Gillian Branstetter, press secretary for the National Women’s Law Center, believes there has been a shift in the way that opponents of trans rights have framed the conversation over the last decade, especially in recent years.
“Increasingly, over the last five years, you’ve begun to see explicitly religious groups like the Family Research Council on the Alliance Defending Freedom talk about biological sex or biological males,” she said.
Branstetter believes the language truly took hold during the Trump administration, when the Health and Human Services in 2018 led an ultimately unsuccessful effort to define gender “as a biological, immutable condition determined by genitalia at birth,” The New York Times reportedAt the time.
This definition is at odds with the American Medical AssociationThis has been seen in antitrans bills all over the country.
Rachel Gonzales, who has testified against anti-trans legislation in Texas over the past five years, often alongside their 11-year-old daughter Libby, said that messaging around this year’s anti-trans bills has evolved since she testified against the state’s bathroom bill in 2017.
“I think they’ve just really effectively reframed their argument in a way that allows people to have these kinds of transphobic perspectives because they’ve removed the word transgender from all of this, so they’re like, oh, no, but it’s really about boys playing girls.”
The Alliance Defending Freedom (ADF), released its 2014 annual report an internal style guide advising against the use of the word “transgender,” according to the Southern Poverty Law Center, which republished the document in 2018 and labels ADF an anti-LGBTQ+ hate group. Ellie Wittman, spokesperson for ADF, stated that the group does not use this style anymore but declined to comment further.
Still, current actions by the organization suggests it has not changed policy with regards to use of “transgender.” A website sponsored by ADF and other groups to generate anti-trans legislation offers “model” policy that avoids the word.
The ADF was a part of the catalyst for anti-trans legislation. Idaho, where the 2020 deadline was became the first state to enact a ban on trans kids’ sports participation, the lawmaker who spearheaded the bill said the group played a pivotal role in reframing and advancing the legislation.

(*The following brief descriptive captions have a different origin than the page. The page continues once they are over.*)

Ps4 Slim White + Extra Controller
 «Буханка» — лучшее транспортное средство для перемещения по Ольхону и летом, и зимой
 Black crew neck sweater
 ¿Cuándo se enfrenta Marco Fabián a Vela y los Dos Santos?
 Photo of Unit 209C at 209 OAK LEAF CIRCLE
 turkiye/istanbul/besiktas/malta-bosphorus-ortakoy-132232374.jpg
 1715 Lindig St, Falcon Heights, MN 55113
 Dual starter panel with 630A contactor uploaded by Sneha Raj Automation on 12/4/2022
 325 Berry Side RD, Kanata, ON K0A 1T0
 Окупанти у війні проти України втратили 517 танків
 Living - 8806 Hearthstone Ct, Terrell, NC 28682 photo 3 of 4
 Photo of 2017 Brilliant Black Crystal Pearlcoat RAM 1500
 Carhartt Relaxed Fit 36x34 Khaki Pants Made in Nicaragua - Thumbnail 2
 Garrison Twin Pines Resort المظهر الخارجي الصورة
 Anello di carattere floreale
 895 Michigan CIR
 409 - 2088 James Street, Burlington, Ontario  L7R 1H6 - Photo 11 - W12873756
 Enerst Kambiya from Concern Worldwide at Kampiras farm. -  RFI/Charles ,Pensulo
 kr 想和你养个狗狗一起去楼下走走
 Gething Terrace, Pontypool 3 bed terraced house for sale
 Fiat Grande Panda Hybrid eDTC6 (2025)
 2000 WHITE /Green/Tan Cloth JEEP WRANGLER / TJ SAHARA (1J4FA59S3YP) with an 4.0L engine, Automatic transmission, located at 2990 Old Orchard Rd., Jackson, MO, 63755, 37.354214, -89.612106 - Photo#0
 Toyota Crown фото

Idaho Rep. Barbara Ehardt told Imara Jones of Translash MediaWhen she felt stuck when trying to draft the bill she reached out for ADF.
“Then they decided that they were going to get more serious about this legislation. We changed it completely. And this is where you see what, of course, many are using now in these other states,” Ehardt said.
The law was blocked in federal court and never became effective, but Ehardt, who is a Republican, said that it served as a model.
“I’ve been pleased to see how many other states this year have followed and many of them using the exact legislation or maybe slight deviations of what we did here in Idaho,” Ehardt told NPRIn May.
Advocates claim that the rhetoric surrounding these bills is more intense this year, but they also emphasize that trans people have always been against erasure.
Kasey Suffredini is the CEO of the LGBTQ+ alliance Freedom for All Americans. She said that anti-LGBTQ+ activists have used similar tactics against lesbians, and gay people.
“This isn’t a new tactic,” Suffredini said in a statement. “During the freedom to marry fight, opponents of marriage for same-sex couples would avoid referring to lesbian, gay and bisexual people as just that, instead describing them as ‘people with same-sex attraction.’”
Johnson reflected that beyond legislation, trans people have long faced erasure within their relationships — a nearly universal experience that many trans people face even as that same erasure is being codified by the state.
“None of this is new,” Johnson said. “How many of us are erased, attempted to be erased by our family and our friends and our co-workers and the societies in which we live in? This is a thing that we all face day to day.”